Mocking Files in Java – Mock Contents – Mockito

You seem to be after contradictory goals. On the one hand, you’re trying to avoid writing data to disk, which isn’t a bad goal in tests. On the other, you’re trying to test your I/O-handling class, which means you’ll be working with system utilities that assume that your File will work with native calls. As such, here’s my guidance:

  • Don’t try to mock a File. Just don’t. Too many native things depend on it.
  • If you can, split your I/O-handling code into the half that opens a File and turns it into a Reader, and the half that parses HTML out of the Reader.
  • At that point, you don’t need a mock at all–just construct a StringReader to simulate the data source.
  • While that handles your unit tests pretty well, you may also want to write an integration test that uses a temporary file and ensure that it reads right. (Thanks Brice for adding that tip!)

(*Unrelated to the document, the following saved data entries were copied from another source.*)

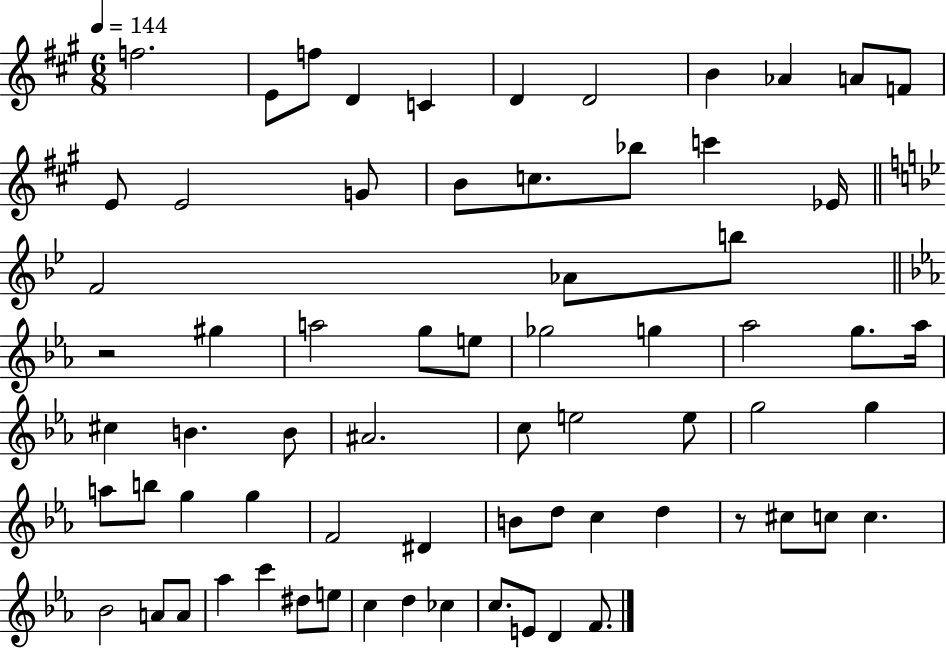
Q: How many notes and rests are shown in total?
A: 69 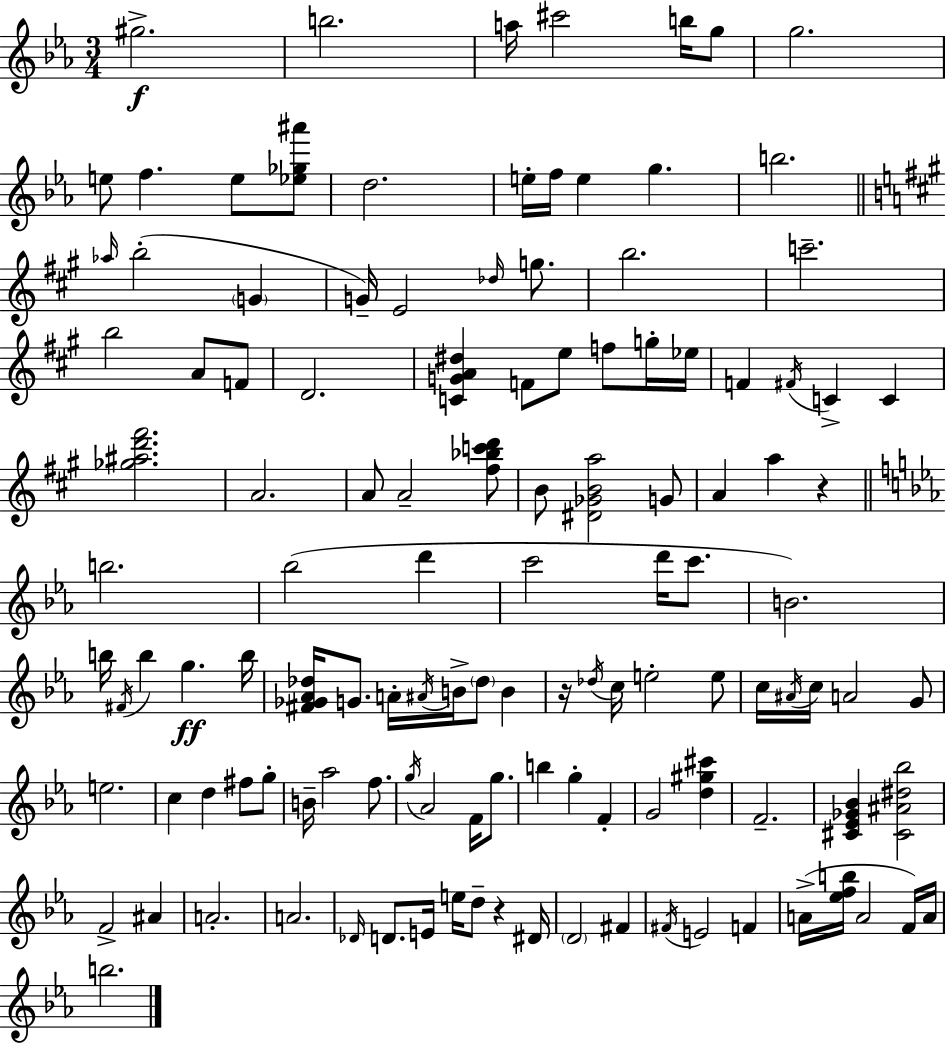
G#5/h. B5/h. A5/s C#6/h B5/s G5/e G5/h. E5/e F5/q. E5/e [Eb5,Gb5,A#6]/e D5/h. E5/s F5/s E5/q G5/q. B5/h. Ab5/s B5/h G4/q G4/s E4/h Db5/s G5/e. B5/h. C6/h. B5/h A4/e F4/e D4/h. [C4,G4,A4,D#5]/q F4/e E5/e F5/e G5/s Eb5/s F4/q F#4/s C4/q C4/q [Gb5,A#5,D6,F#6]/h. A4/h. A4/e A4/h [F#5,Bb5,C6,D6]/e B4/e [D#4,Gb4,B4,A5]/h G4/e A4/q A5/q R/q B5/h. Bb5/h D6/q C6/h D6/s C6/e. B4/h. B5/s F#4/s B5/q G5/q. B5/s [F#4,Gb4,Ab4,Db5]/s G4/e. A4/s A#4/s B4/s Db5/e B4/q R/s Db5/s C5/s E5/h E5/e C5/s A#4/s C5/s A4/h G4/e E5/h. C5/q D5/q F#5/e G5/e B4/s Ab5/h F5/e. G5/s Ab4/h F4/s G5/e. B5/q G5/q F4/q G4/h [D5,G#5,C#6]/q F4/h. [C#4,Eb4,Gb4,Bb4]/q [C#4,A#4,D#5,Bb5]/h F4/h A#4/q A4/h. A4/h. Db4/s D4/e. E4/s E5/s D5/e R/q D#4/s D4/h F#4/q F#4/s E4/h F4/q A4/s [Eb5,F5,B5]/s A4/h F4/s A4/s B5/h. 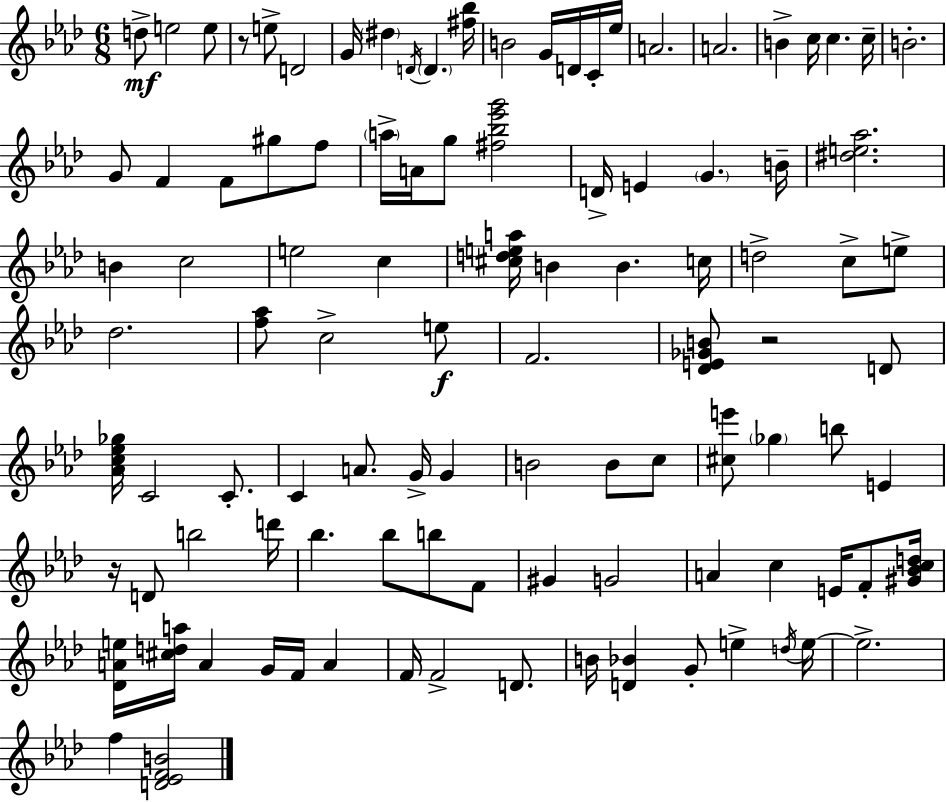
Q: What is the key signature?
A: F minor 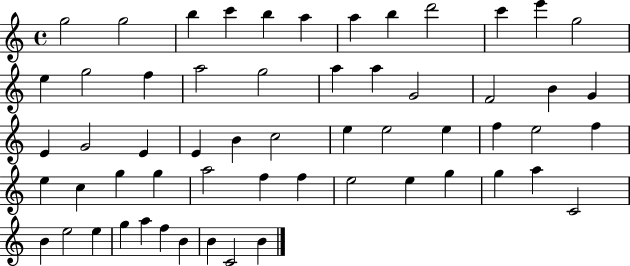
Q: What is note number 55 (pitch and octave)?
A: B4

Don’t be afraid to refactor your class to make testing easier, as here:

class YourClass {
  public int method(File file) {
    // do everything here, which is why it requires a mock
  }   
}   

class YourRefactoredClass {
  public int method(File file) {
    return methodForTest(file.getName(), file.isFile(),
        file.isAbsolute(), new FileReader(file));
  }   

  /** For testing only. */
  int methodForTest(
      String name, boolean isFile, boolean isAbsolute, Reader fileContents) {
    // actually do the calculation here
  }   
}   

class YourTest {
  @Test public int methodShouldParseBadHtml() {
    YourRefactoredClass yrc = new YourRefactoredClass();
    assertEquals(42, yrc.methodForTest(
        "bad.html", true, false, new StringReader(badHTMLText));
  }   
}   

At this point the logic in method is so straightforward it’s not worth testing,
and the logic in methodForTest is so easy to access that you can test it heavily.